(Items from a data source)
+===+

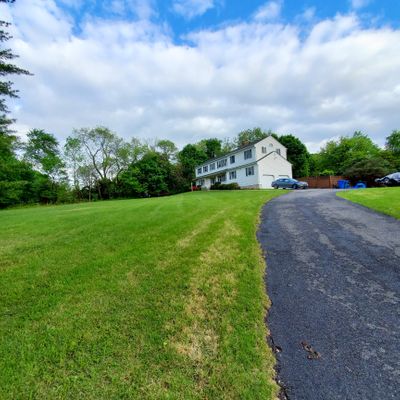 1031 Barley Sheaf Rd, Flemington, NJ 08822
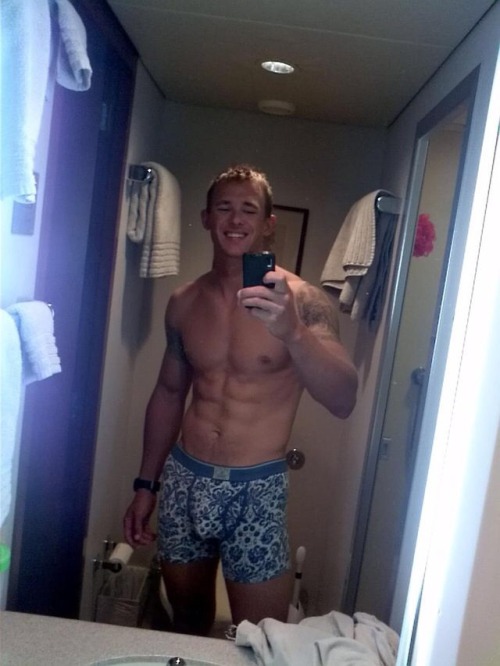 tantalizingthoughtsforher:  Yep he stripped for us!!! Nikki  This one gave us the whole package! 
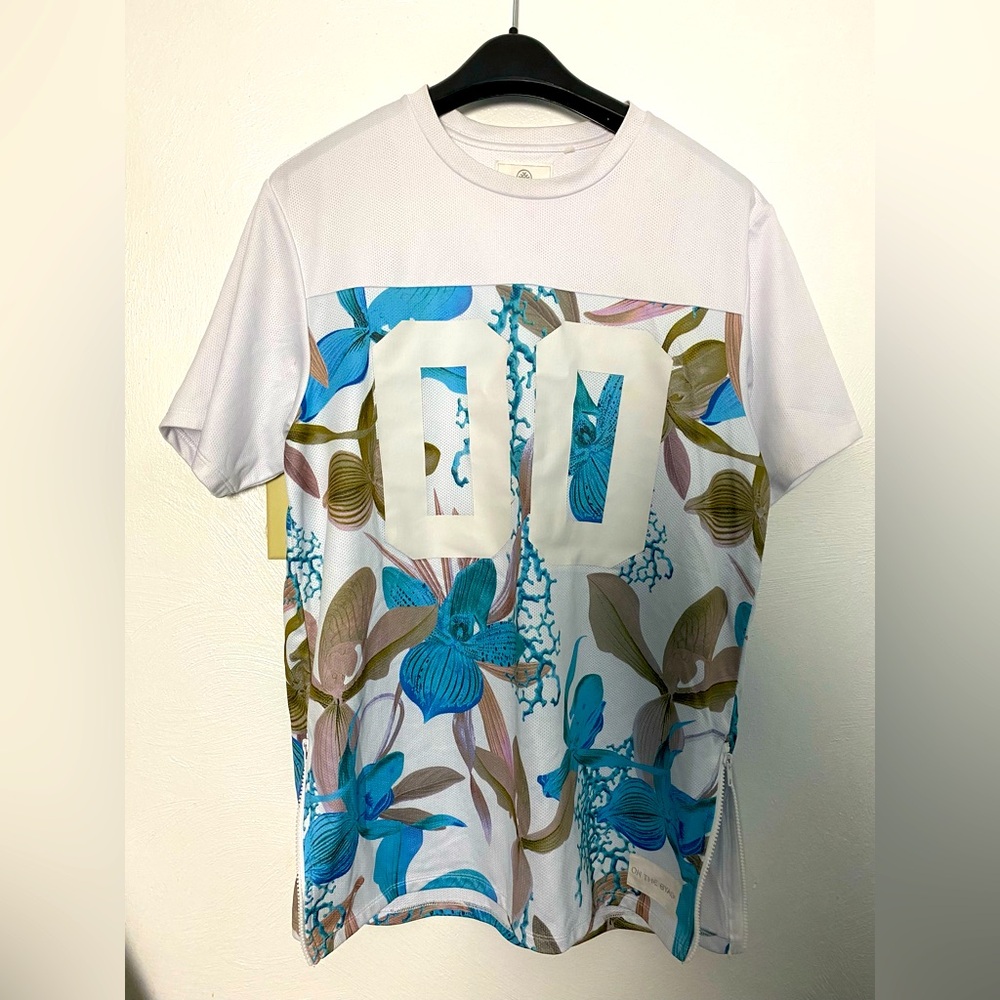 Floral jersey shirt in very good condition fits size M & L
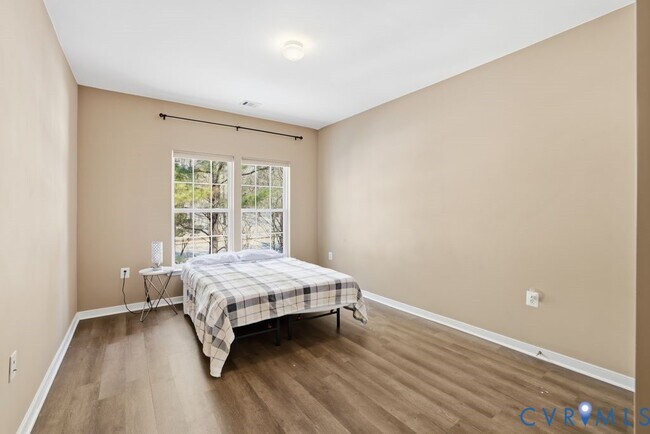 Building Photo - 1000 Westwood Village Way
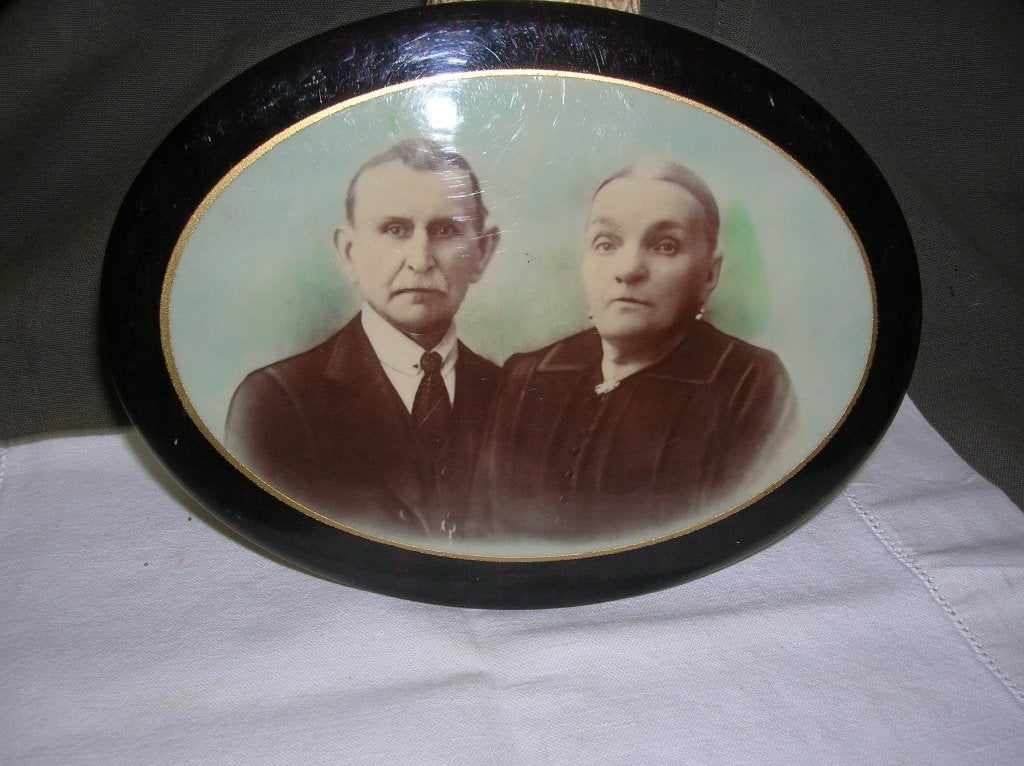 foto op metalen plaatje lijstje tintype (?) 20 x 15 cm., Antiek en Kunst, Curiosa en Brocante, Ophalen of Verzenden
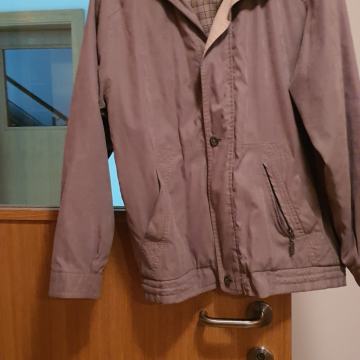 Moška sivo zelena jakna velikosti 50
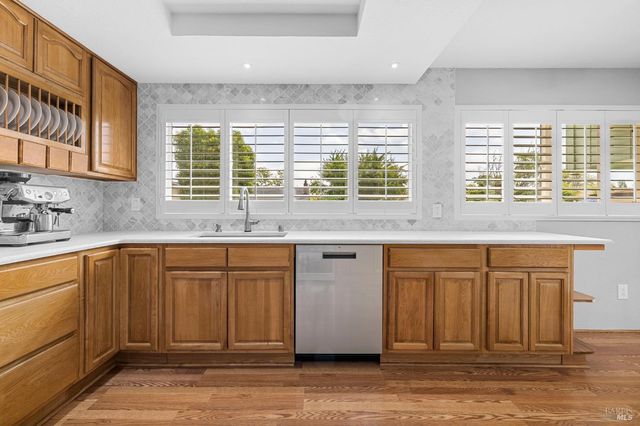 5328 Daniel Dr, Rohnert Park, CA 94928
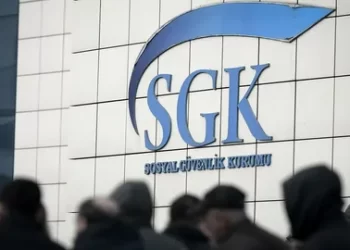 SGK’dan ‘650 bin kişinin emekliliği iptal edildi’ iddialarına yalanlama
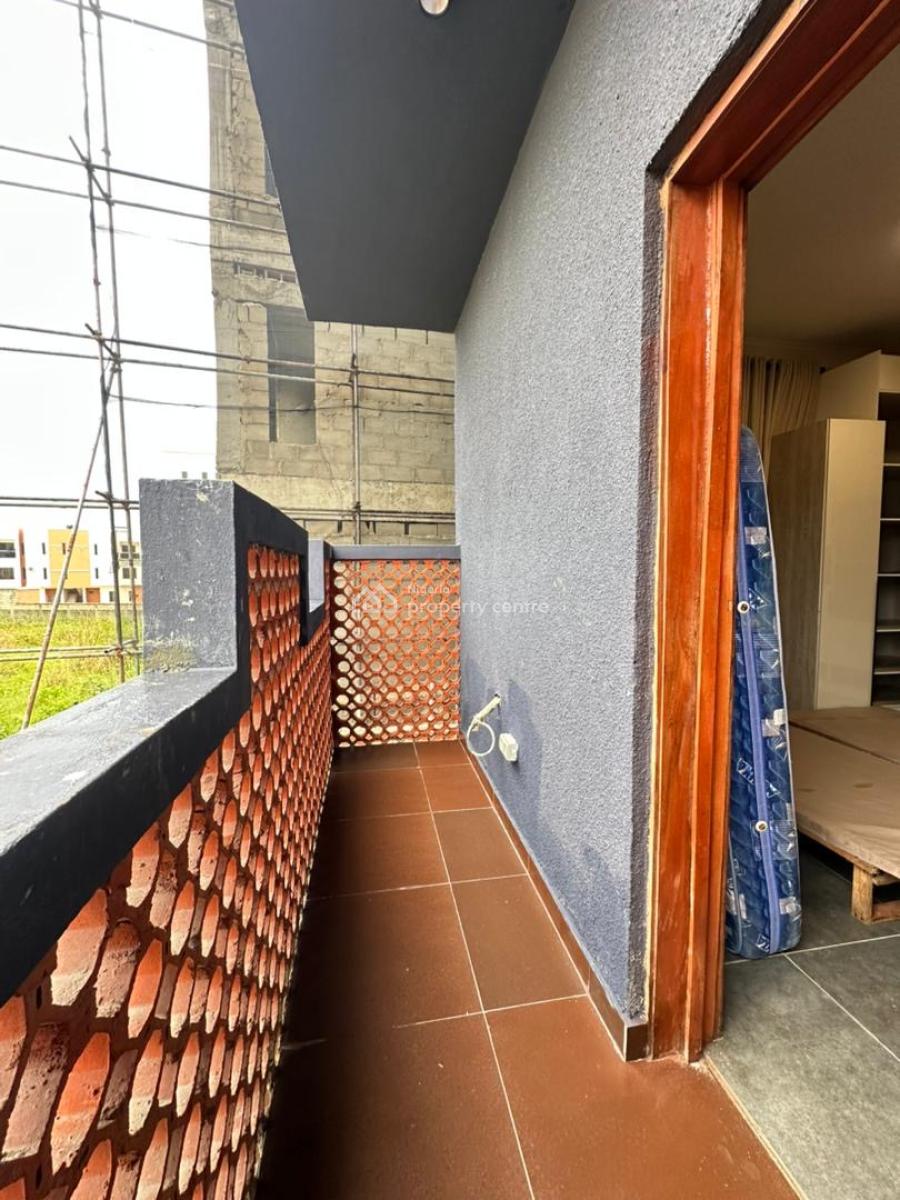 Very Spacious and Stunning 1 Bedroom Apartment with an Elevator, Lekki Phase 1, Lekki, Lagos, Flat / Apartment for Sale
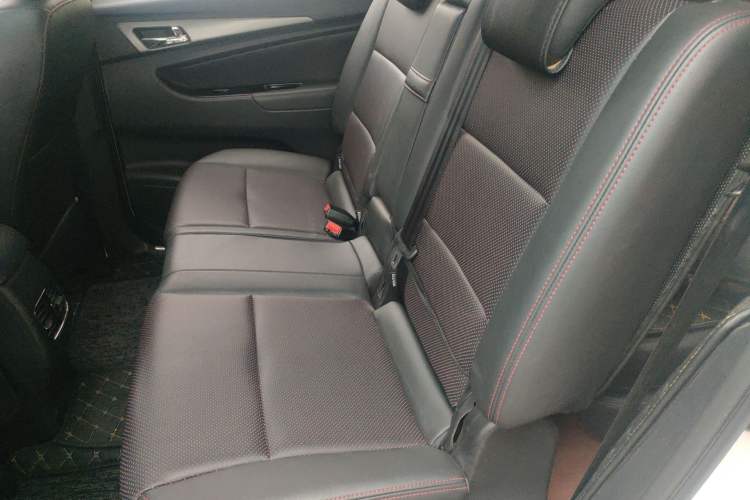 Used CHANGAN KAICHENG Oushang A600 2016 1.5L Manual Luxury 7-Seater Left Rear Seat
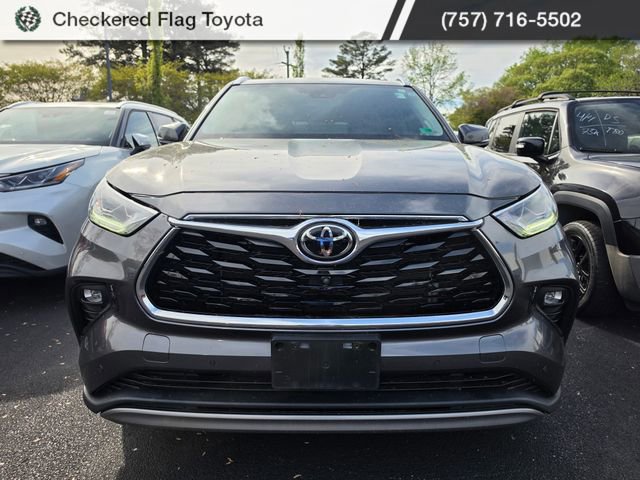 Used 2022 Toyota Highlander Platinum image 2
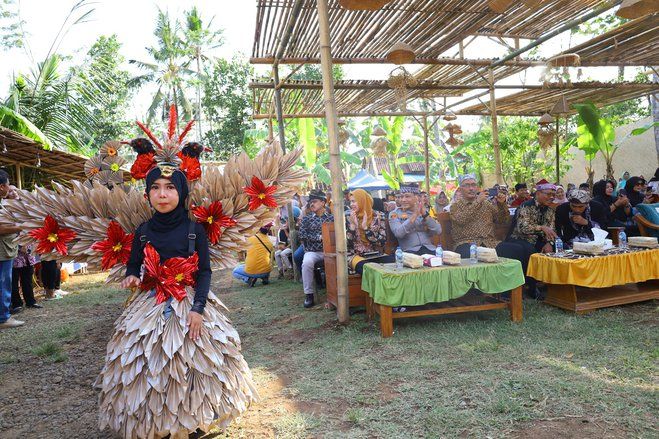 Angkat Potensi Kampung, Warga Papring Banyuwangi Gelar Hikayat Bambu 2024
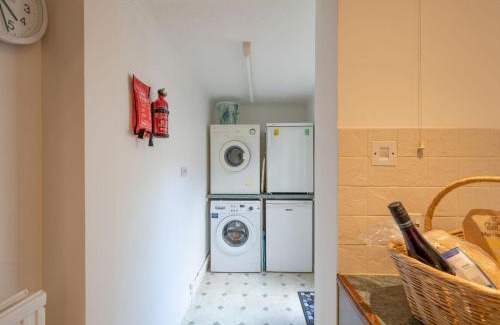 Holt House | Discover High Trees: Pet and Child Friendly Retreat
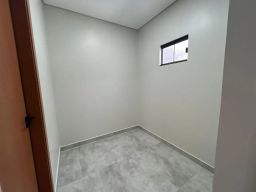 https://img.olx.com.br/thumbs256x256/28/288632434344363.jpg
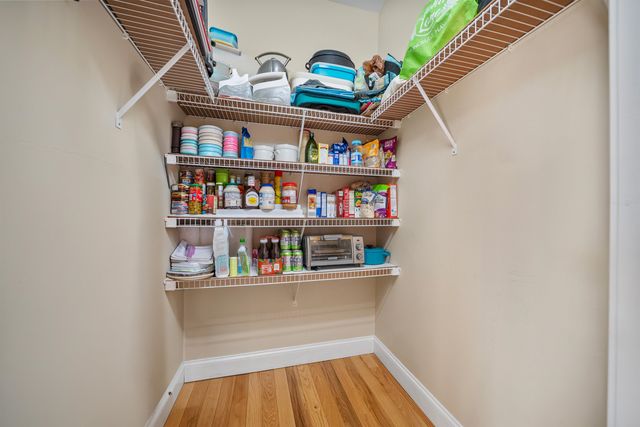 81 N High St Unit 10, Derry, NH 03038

+===+

• [What the task asks]: Could you return each line, unchanged, from the line containing "https://img.olx.com.br/thumbs256x256/28/288632434344363.jpg" through the last line of the entries above, leaving out the pictures?

• [Exercise answer]:
 https://img.olx.com.br/thumbs256x256/28/288632434344363.jpg
 81 N High St Unit 10, Derry, NH 03038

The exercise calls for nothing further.